What the exercise asks =>
Without the pictures, repeat the listing character for character.

Provided records =>
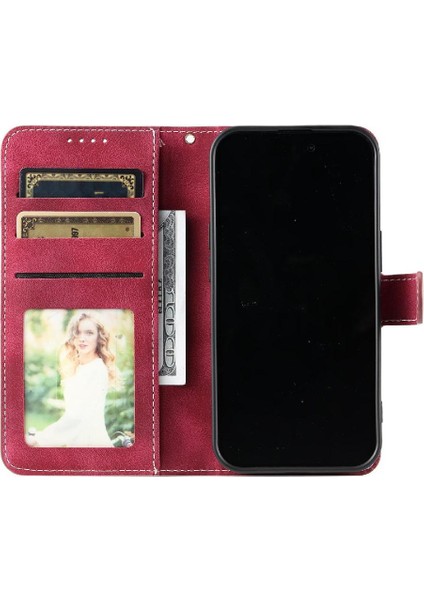 Samsung Galaxy Için Flip Case A52S 5g Manyetik Bilek Kayışı Kickstand Cüzdan (Yurt Dışından)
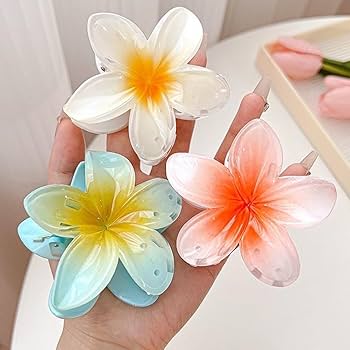 3Pcs Flower Hair Clip, Health and Beauty 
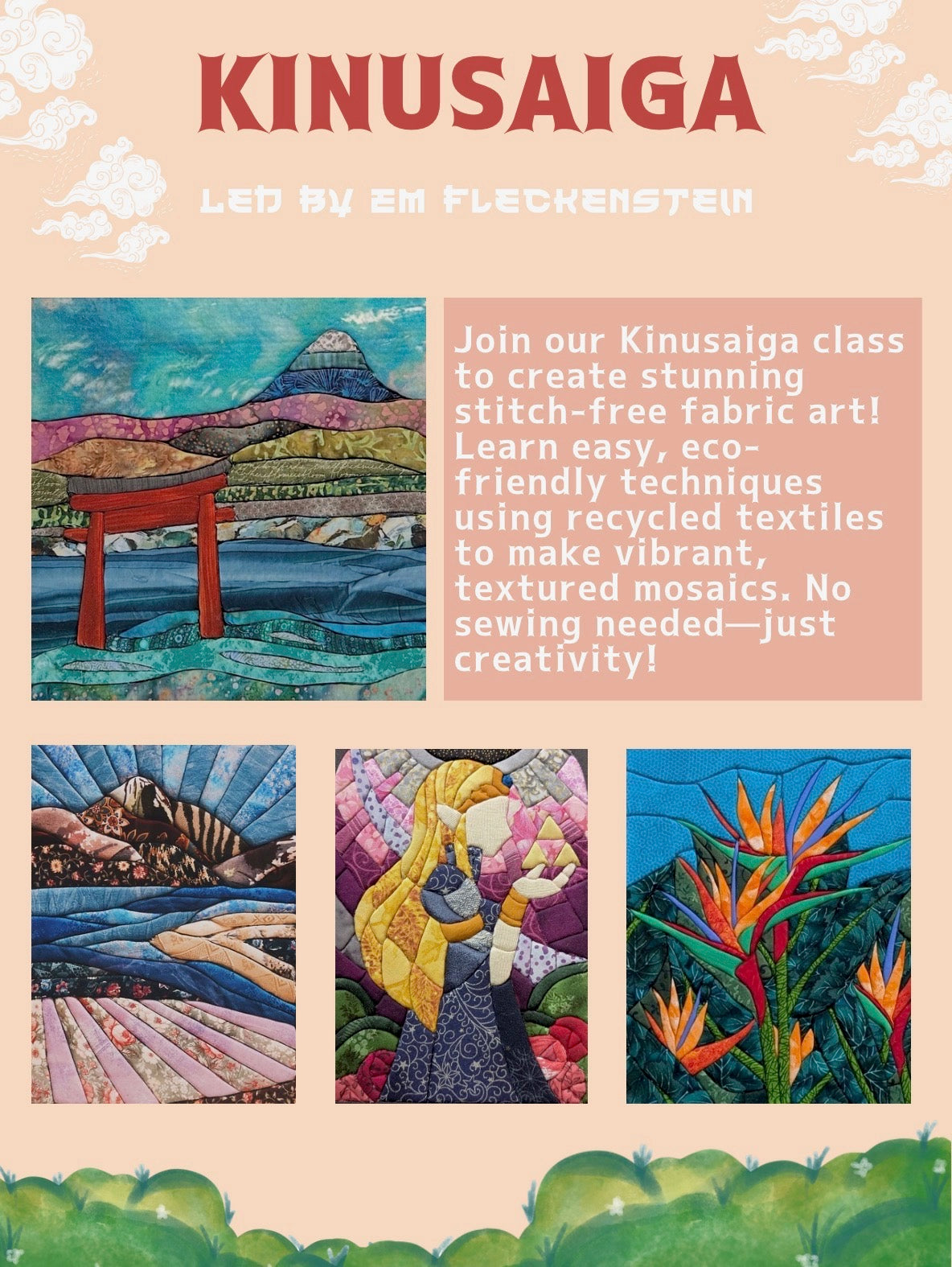 Kinusaiga Painting with Fabric Class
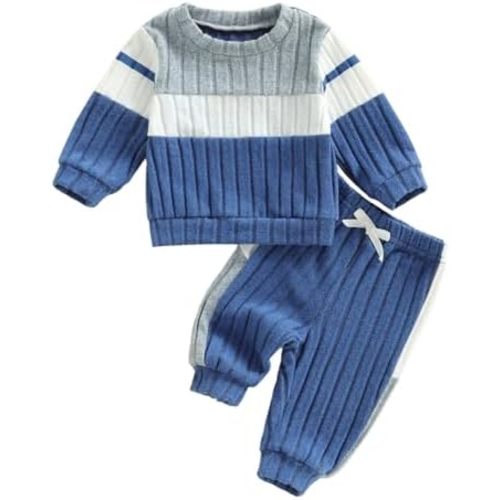 Infant Baby Boys Fall Outfit Pants Sets Long Sleeve 3 6 12 18 24 Months 2 3 T Toddler Boy Pullover Pants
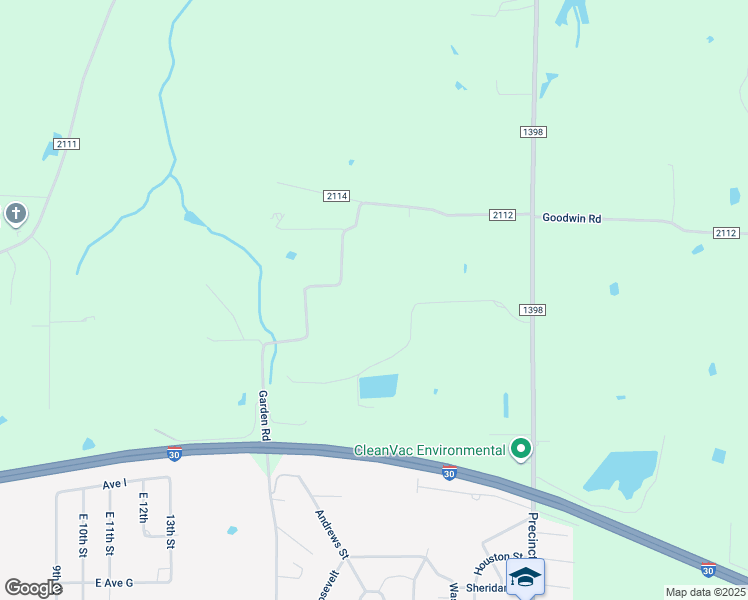 map of restaurants, bars, coffee shops, grocery stores, and more near 938 Garden Road in Hooks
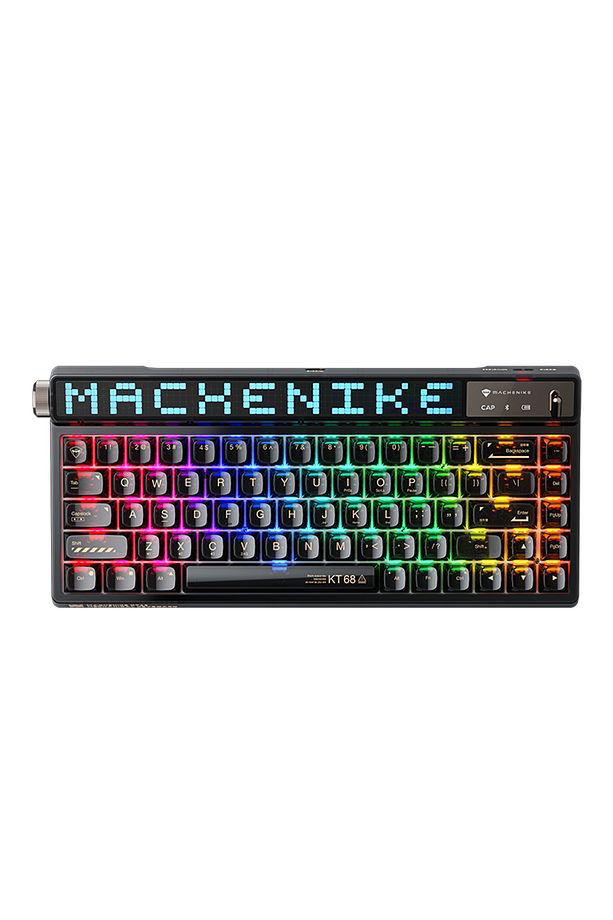 KT68 Pro Kablosuz Yellow Switch ENG Q Siyah Gaming Klavye - 1
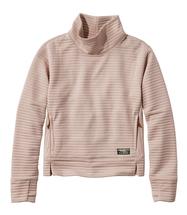 LL Bean Women's Airlight Pullover, Funnelneck PUTTYHEATHER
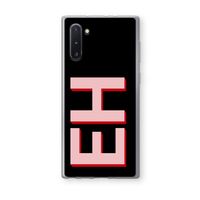 Monogram: Samsung Galaxy Note 10 Transparant Hoesje Monogram: Samsung Galaxy Note 10 Transparant Hoesje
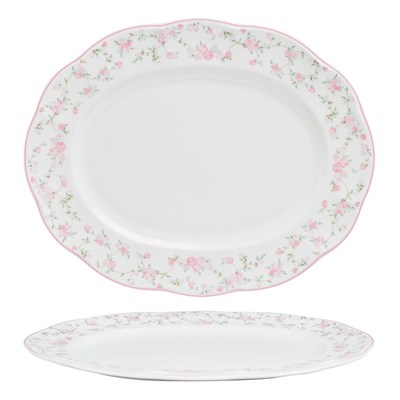 Блюдо овальное 34*27 cм,фарфор "NOBLE" серия "Retro Ritz-La Vie En Rose" 81229636 - фото 40256466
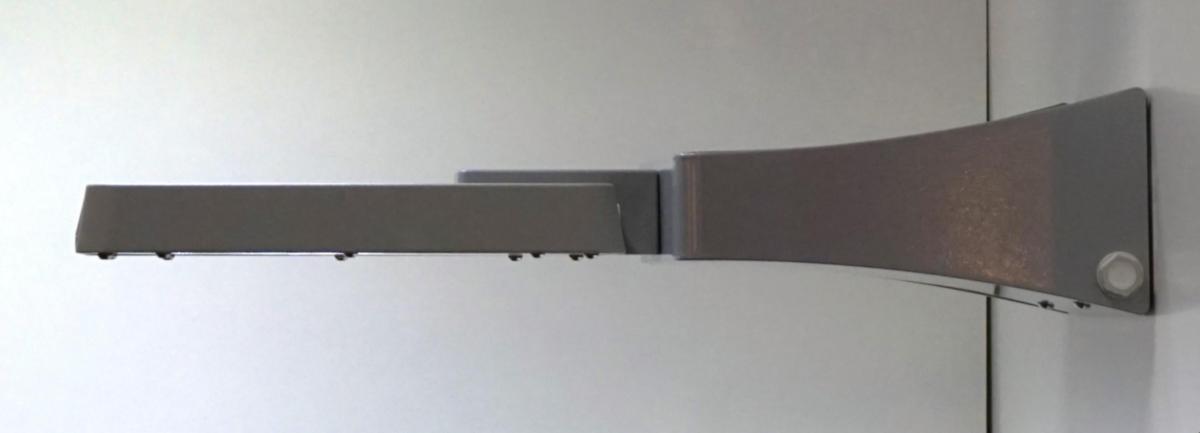 Väggarmatur IQ 10-140W - LED-ARM VÄGGF 10-140W 830 F/B IQ L621220, 830, FRAMÅT-BRED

Result of this task =>
 Samsung Galaxy Için Flip Case A52S 5g Manyetik Bilek Kayışı Kickstand Cüzdan (Yurt Dışından)
 3Pcs Flower Hair Clip, Health and Beauty 
 Kinusaiga Painting with Fabric Class
 Infant Baby Boys Fall Outfit Pants Sets Long Sleeve 3 6 12 18 24 Months 2 3 T Toddler Boy Pullover Pants
 map of restaurants, bars, coffee shops, grocery stores, and more near 938 Garden Road in Hooks
 KT68 Pro Kablosuz Yellow Switch ENG Q Siyah Gaming Klavye - 1
 LL Bean Women's Airlight Pullover, Funnelneck PUTTYHEATHER
 Monogram: Samsung Galaxy Note 10 Transparant Hoesje Monogram: Samsung Galaxy Note 10 Transparant Hoesje
 Блюдо овальное 34*27 cм,фарфор "NOBLE" серия "Retro Ritz-La Vie En Rose" 81229636 - фото 40256466
 Väggarmatur IQ 10-140W - LED-ARM VÄGGF 10-140W 830 F/B IQ L621220, 830, FRAMÅT-BRED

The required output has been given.